O papa falou recentemente que os pecados são o lugar privilegiado para encontrar Cristo. Qual o significado disso para os que sofreram abusos?

Um excelente exemplo foi o encontro do papa com algumas vítimas. Dois cidadãos alemães, depois de conversar com o papa, me disseram que para eles foi de grande ajuda a presença empática de Francisco, ter os ouvido e as palavras que falou, os tocaram profundamente. Uma dessas pessoas me falou que um grande distúrbio físico que tinha há anos desapareceu depois da conversa com o papa. Isso somente é possível quando a pessoa – que vive com feridas terríveis na alma devido ao abuso – busca a cura. Mas chega também o momento em que uma pessoa compartilha dores, solidão, raiva, desolação e permanece com aquela pessoa na escuridão. Assim foi entendido o encontro das vítimas com o papa.
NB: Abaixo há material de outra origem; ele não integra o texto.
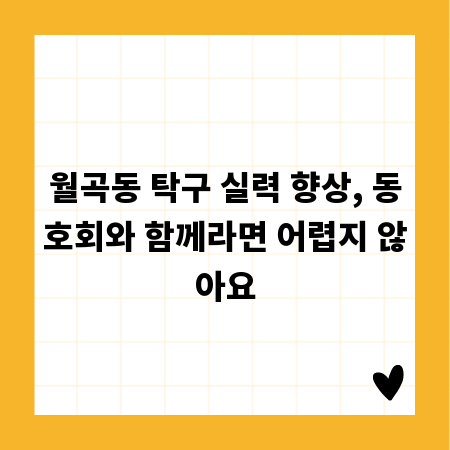 월곡동 탁구 실력 향상, 동호회와 함께라면 어렵지 않아요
Foi um momento de graça aquele em que a cruz de Jesus entrou nas profundezas da ferida e começou a difundir a sua força de cura e redenção. Isso não é automático, mas isso que sou testemunha é um sinal profundo de esperança, também para as pessoas que sofrem de vários outros tipos de trauma.

Você acredita que seja necessária uma seleção mais acurada dos candidatos ao sacerdócio?

Formamos, há mais de 40 anos no Instituto de Psicologia Gregoriana, psicólogos e psicoterapeutas que intervém no processo de seleção e formação dos seminaristas e religiosos. Estas intervenções são solicitadas pela Congregação para a Educação Católica há tempos e, em algumas partes do mundo e em muitas Ordens religiosas, tornaram-se um padrão, mas não nos iludimos que com um teste ou uma pergunta no desenrolar de uma entrevista se possa identificar com absoluta certeza possíveis abusadores. É preciso uma atenção contínua ao longo do percurso formativo e precisa coragem, por parte dos superiores, para decidir a retirada de qualquer pessoa que apresentar marcas de problemas de relacionamento ou afetivos.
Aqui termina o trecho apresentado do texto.